Hall v. Commissioner of Internal Revenue

Decision Date06 April 1937
Docket NumberNo. 4121.,4121.
Citation89 F.2d 441
PartiesHALL v. COMMISSIONER OF INTERNAL REVENUE.
CourtU.S. Court of Appeals — Fourth Circuit

William D. Whitney, of New York City (Richard H. Wilmer, of Washington, D. C., and George G. Tyler and Cravath, DeGersdorff, Swaine & Wood, all of New York City, on the brief), for petitioner.

John J. Pringle, Jr., Sp. Asst. to Atty. Gen. (Robert H. Jackson, Asst. Atty. Gen., and Sewall Key, Sp. Asst. to Atty. Gen., on the brief), for respondent.

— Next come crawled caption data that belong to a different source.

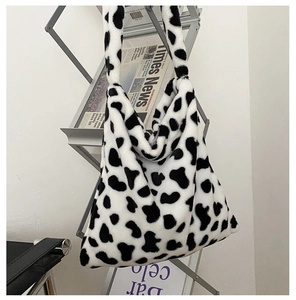 Detail view of cow print plush tote bag hanging on a silver metal magazine rack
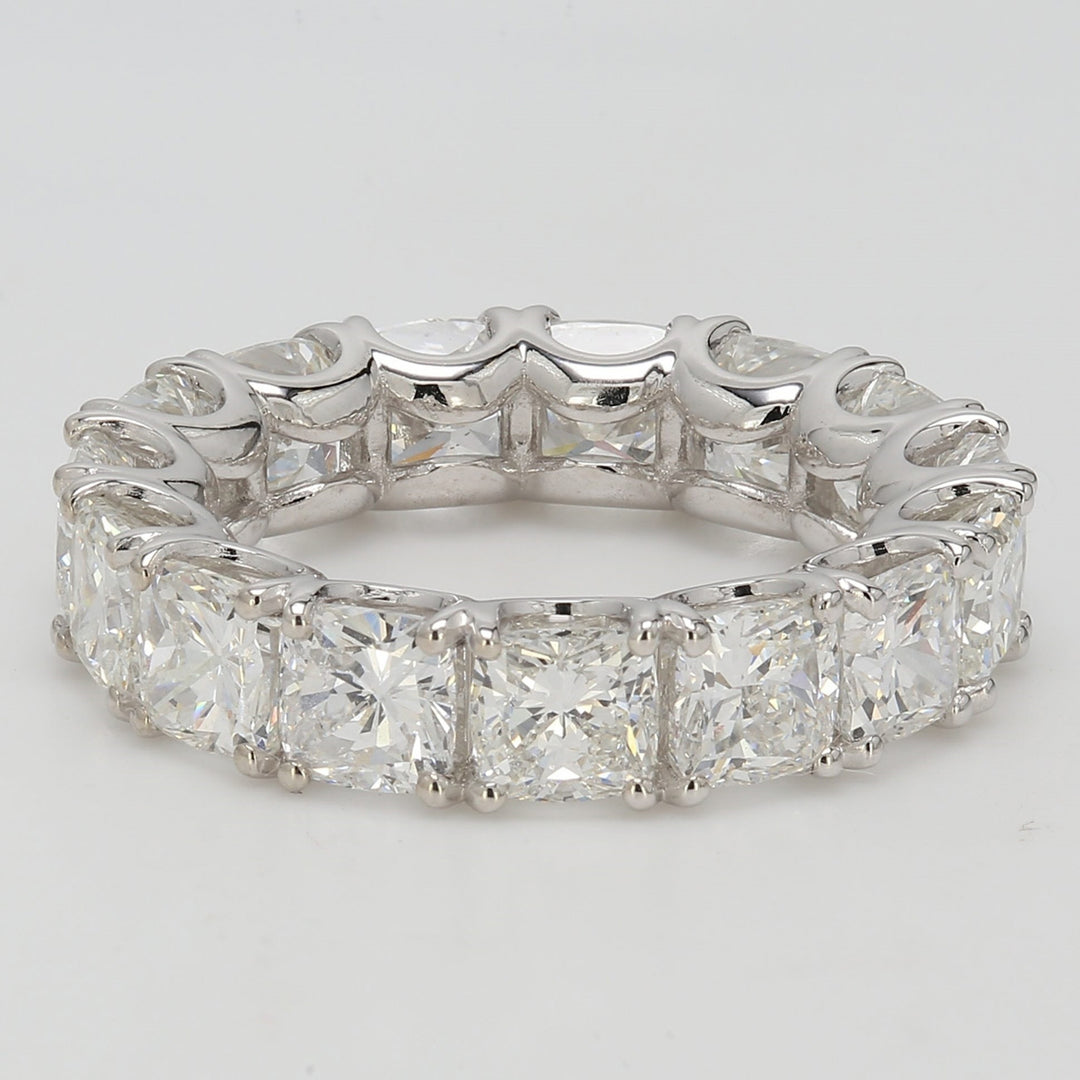 Eternity band in platinum with U-prong set G/SI1 (15) cushion cut diamonds.   D7.34ct.t.w.  Size 4.5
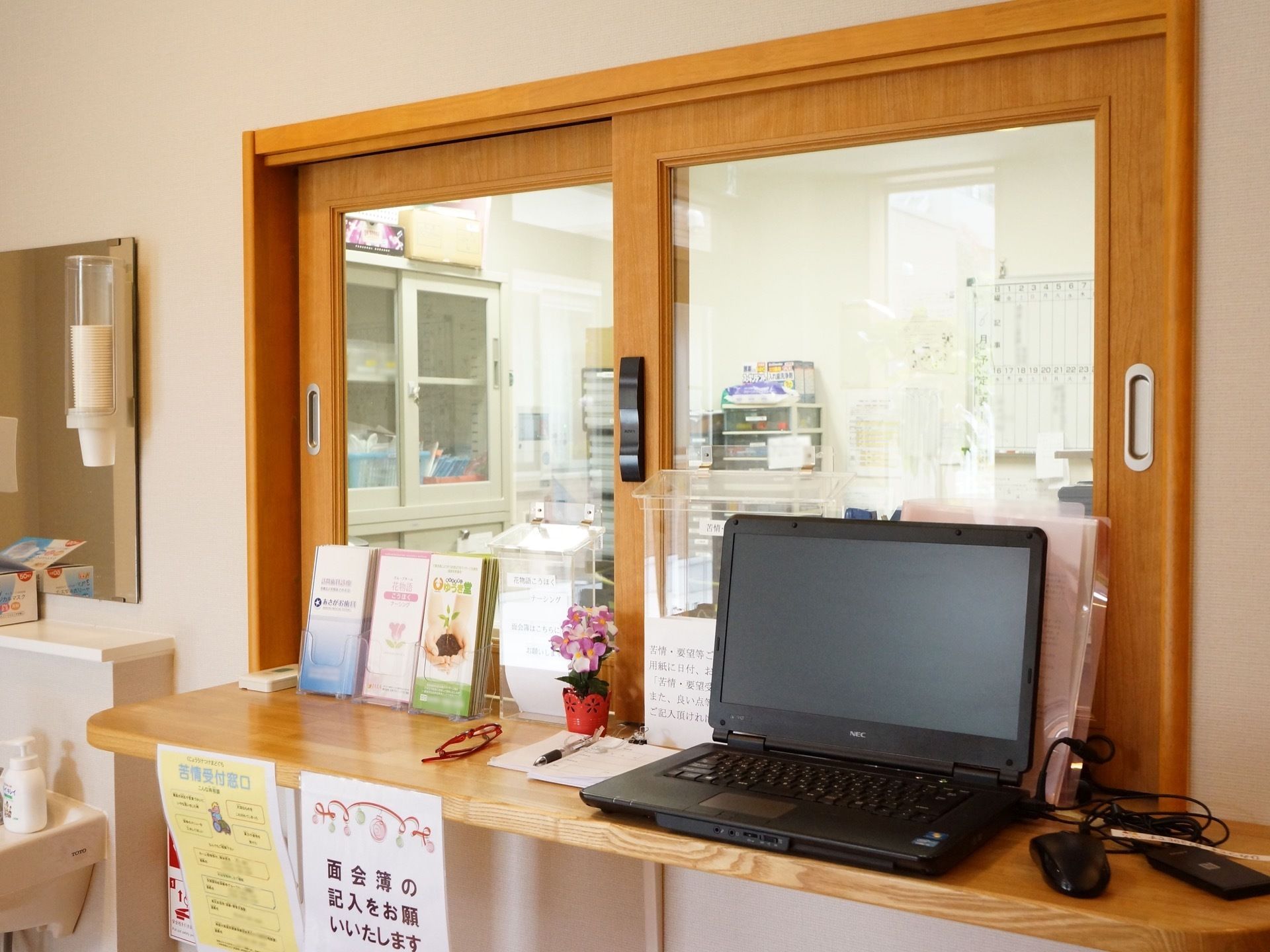 施設玄関に設置されている受付である。カウンター上には面会者名簿やパンフレッド、パソコンが設置されている。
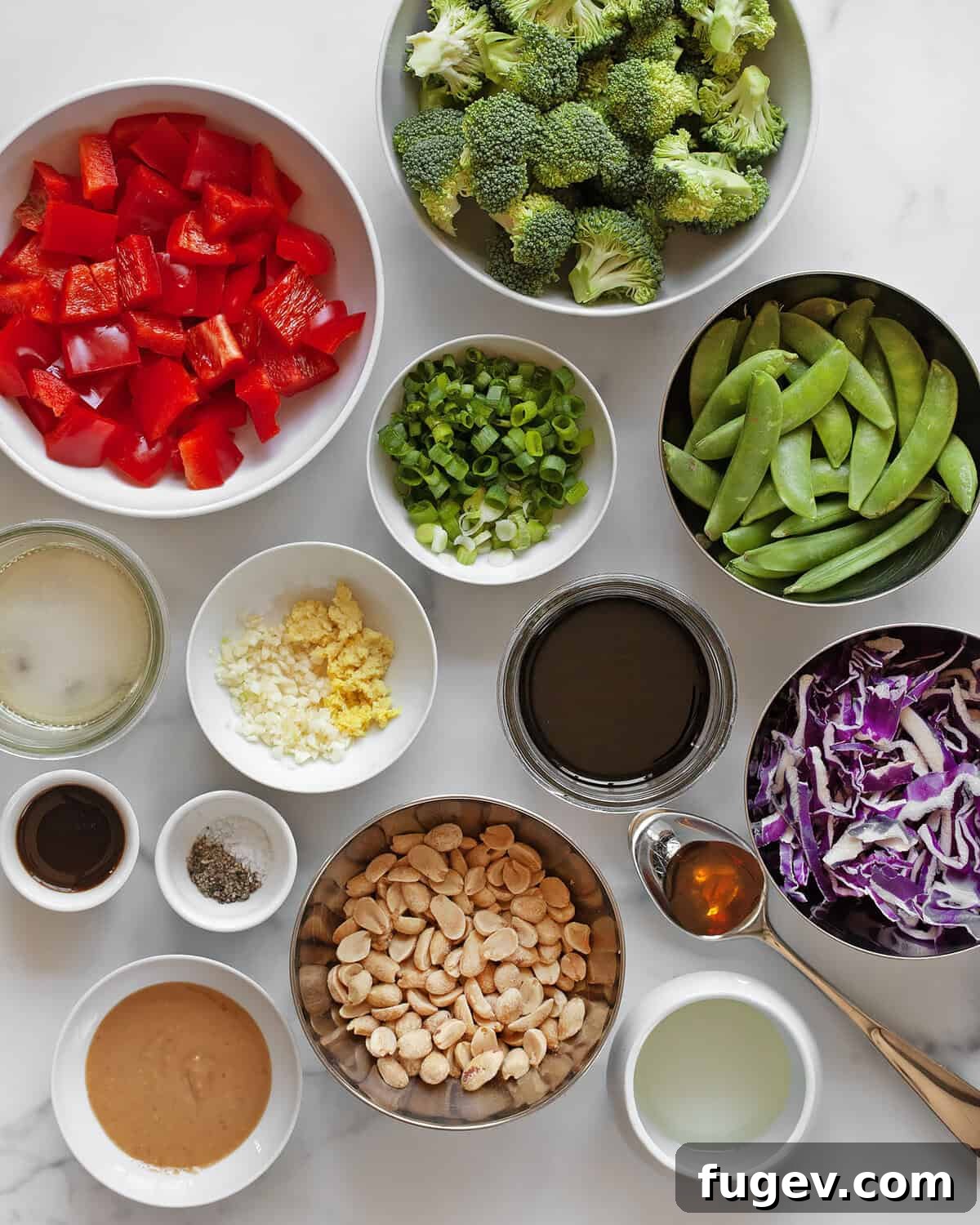 Nutty Vegetable Stir-Fry 3 A selection of fresh stir-fry ingredients including colorful bell peppers, broccoli florets, red cabbage, snap peas, peanuts, and sauce components.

Before PARKER, NORTHCOTT, and SOPER, Circuit Judges.

PARKER, Circuit Judge.

This is a petition to review a decision of the Board of Tax Appeals; and the question involved is whether a payment of $50,000 made to taxpayer was a gift or additional compensation for services rendered. Taxpayer is a patent attorney who over a period of years had rendered services to the Universal Oil Products Company, a corporation whose chief property consisted of certain patents and patent rights. In 1931 the stockholders of that corporation sold their stock for $25,000,000 to the United Gasoline Corporation. Shortly prior to the transfer, however, and in accordance with the terms of sale, the Universal Oil Products Company transferred liquid assets to the value of $4,100,000 to the Unopco Company, a corporation whose stock was held by the stockholders of Universal in the same proportion in which they held the stock of the latter corporation. Within a few days after the sale and transfer, the $50,000 in question was paid to taxpayer by the Unopco Company pursuant to resolutions of its directors and stockholders appropriating $607,500 to be distributed as a "bonus" to sixty-four former and present employees, attorneys, and experts of Universal "in recognition of the valuable and loyal services of said employees, attorneys and experts" to Universal, in such amounts to each employee, attorney, and expert as the board of directors of Unopco should determine.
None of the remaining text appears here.